The Church has been pretty explicit, for example, on what She calls unjust laws: those would be immoral laws, which the Church says we can and should break. One example would be abortion on demand, approved by the Supreme Court in 1973.
However, deciding on our own that a particular Stop sign should never have been placed there, and because it’s “wrong” (or is not visible until a driver is within a few yards of it) and should “therefore” be violated, is not an example of your proposition above. In such a case of a law creating actual danger, the citizen should inform the local government, and explain the danger and ask for modification.
Another oft-mentioned “example” (and I hope you’re not going there, poster) are the drug laws, particularly marijuana. This is many people’s favorite excuse to indulge a recreational activity: there “shouldn’t” be laws “restricting my freedom,” and after all, some people need medical marijuana, therefore I can rationalize my use of it. No, where marijuana is illegal, it’s illegal – growing, using, distributing, selling. Violating those laws is immoral. The correct action, for those so agitated about it, is to work to reverse the laws, rather than acting as your own private legislator.

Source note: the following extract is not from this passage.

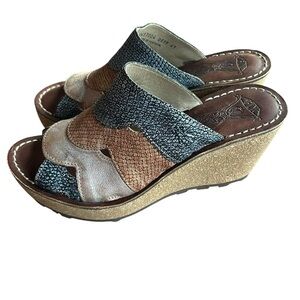 NWOB Fly London Multicolor Wedge Sandals Size 41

Another example would be some of the welfare laws, unemployment laws, and other regulations affecting people financially. They can be subjectively viewed (many of them) as unfair, and therefore “wrong.” However, again, when we are not the law-givers we need to abide by the law, and seek to change them by legal avenues. The immoral thing would be to cheat or lie when seeking such government aid in order to redress the “wrong” of it.